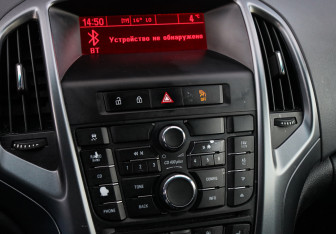 Подержанный автомобиль Opel Astra Hatchback 2014 года (13 фото)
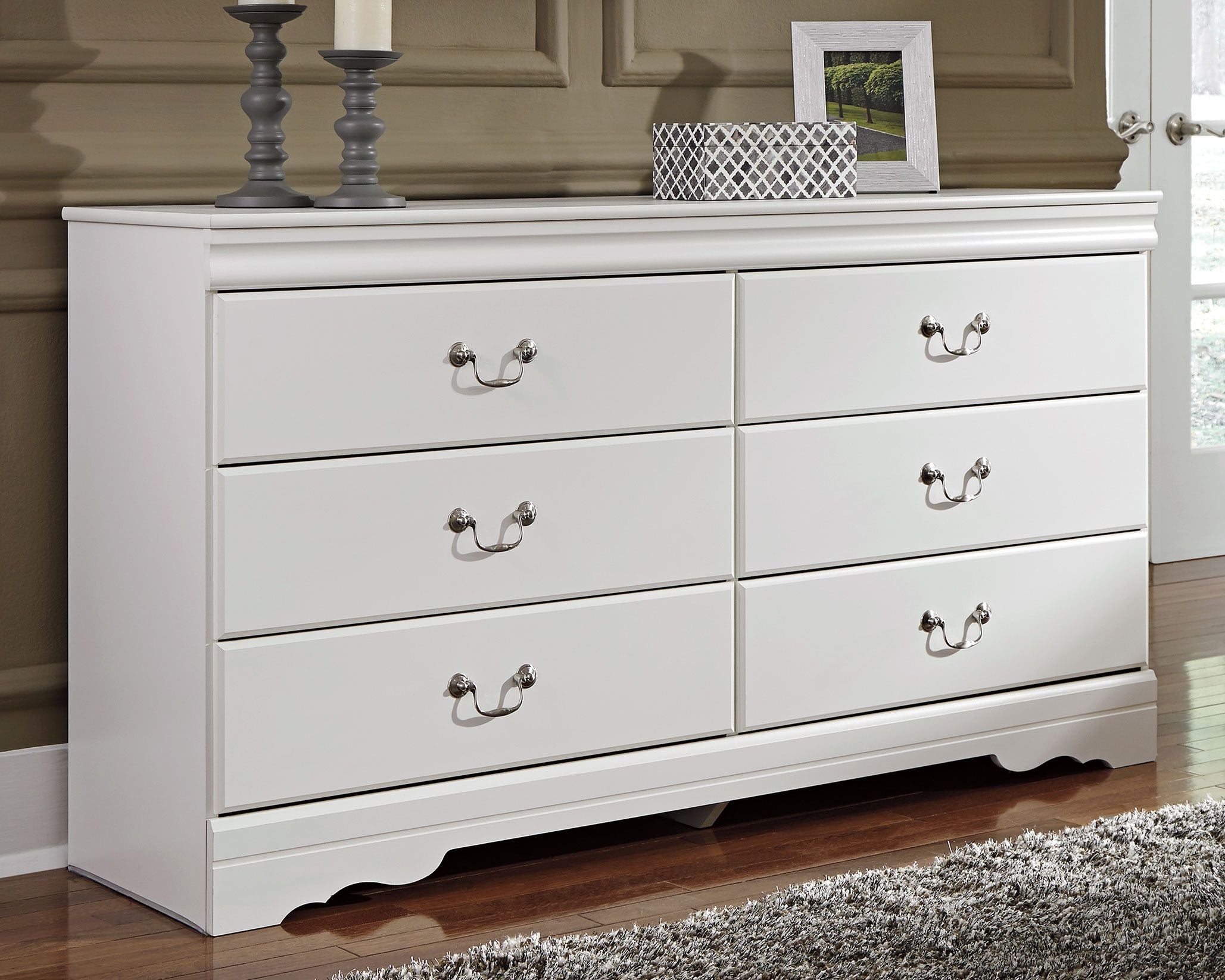 Signature Design by Ashley® Anarasia - Sleigh Bed Set | Meri Furniture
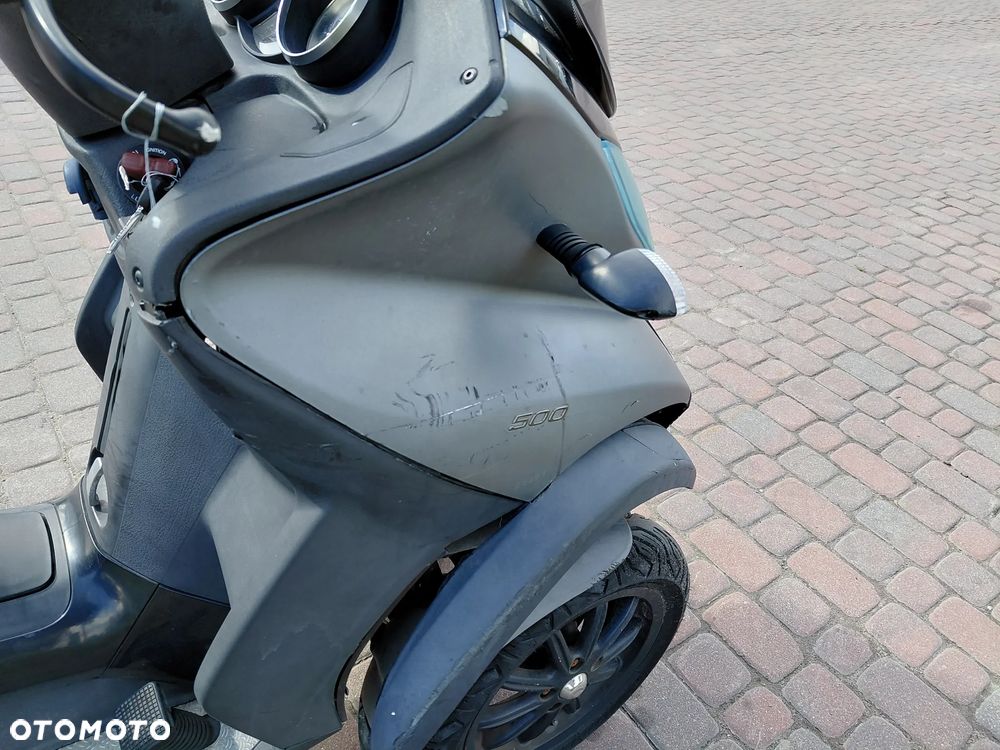 Piaggio MP-3 - 11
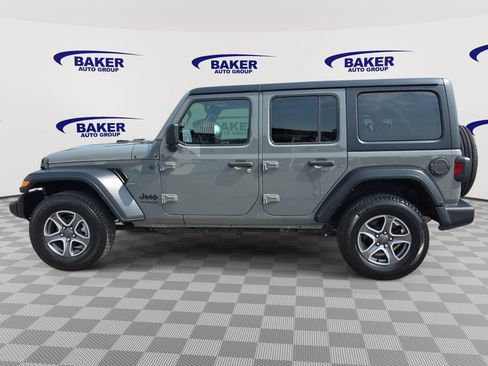 Used 2022 Jeep Wrangler Unlimited Sport AWD/4WD image 6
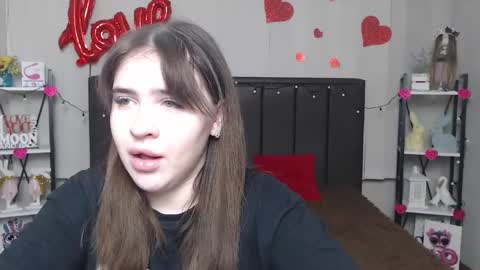 LauraHlot online show from February 17, 6:39 pm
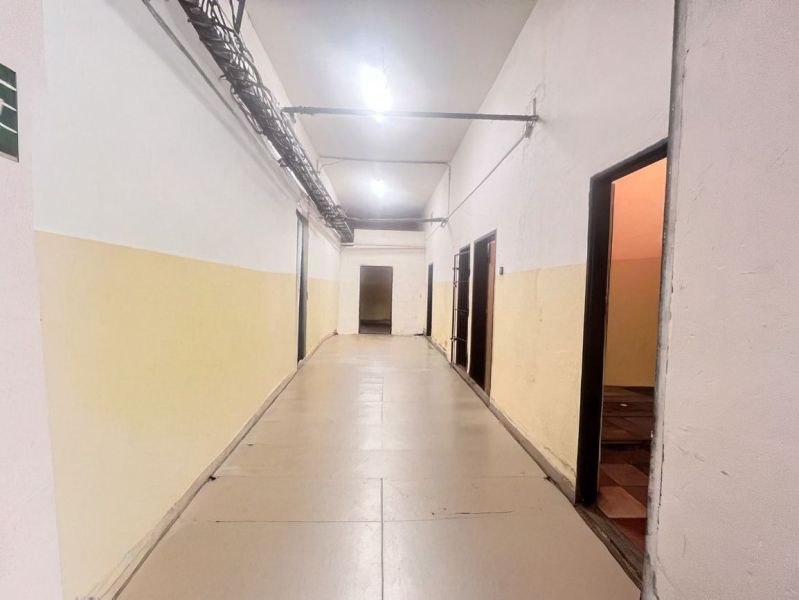 Na prenájom sklad 1474 m² s nakladacími rampami  - Banská Bystrica - Chodba v Sklady a haly s jednoduchými stenami a otvorenými dverami.
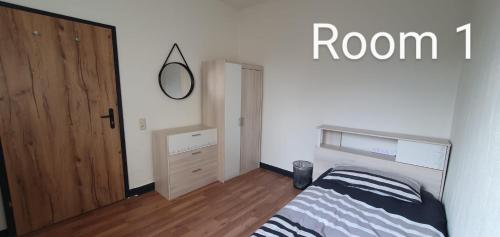 1 dormitorio con cama y cartel de habitación en Zimmer 1 von 3 mit Gemeinschaftsbad-Küche, 30min Köln Messe Bahnhof, 5min Leverkusen Bahnhof Zentrum, en Leverkusen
==================================================
Problem details: Reproduce the material above verbatim; omit every picture.

Exercise output:
 Подержанный автомобиль Opel Astra Hatchback 2014 года (13 фото)
 Signature Design by Ashley® Anarasia - Sleigh Bed Set | Meri Furniture
 Piaggio MP-3 - 11
 Used 2022 Jeep Wrangler Unlimited Sport AWD/4WD image 6
 LauraHlot online show from February 17, 6:39 pm
 Na prenájom sklad 1474 m² s nakladacími rampami  - Banská Bystrica - Chodba v Sklady a haly s jednoduchými stenami a otvorenými dverami.
 1 dormitorio con cama y cartel de habitación en Zimmer 1 von 3 mit Gemeinschaftsbad-Küche, 30min Köln Messe Bahnhof, 5min Leverkusen Bahnhof Zentrum, en Leverkusen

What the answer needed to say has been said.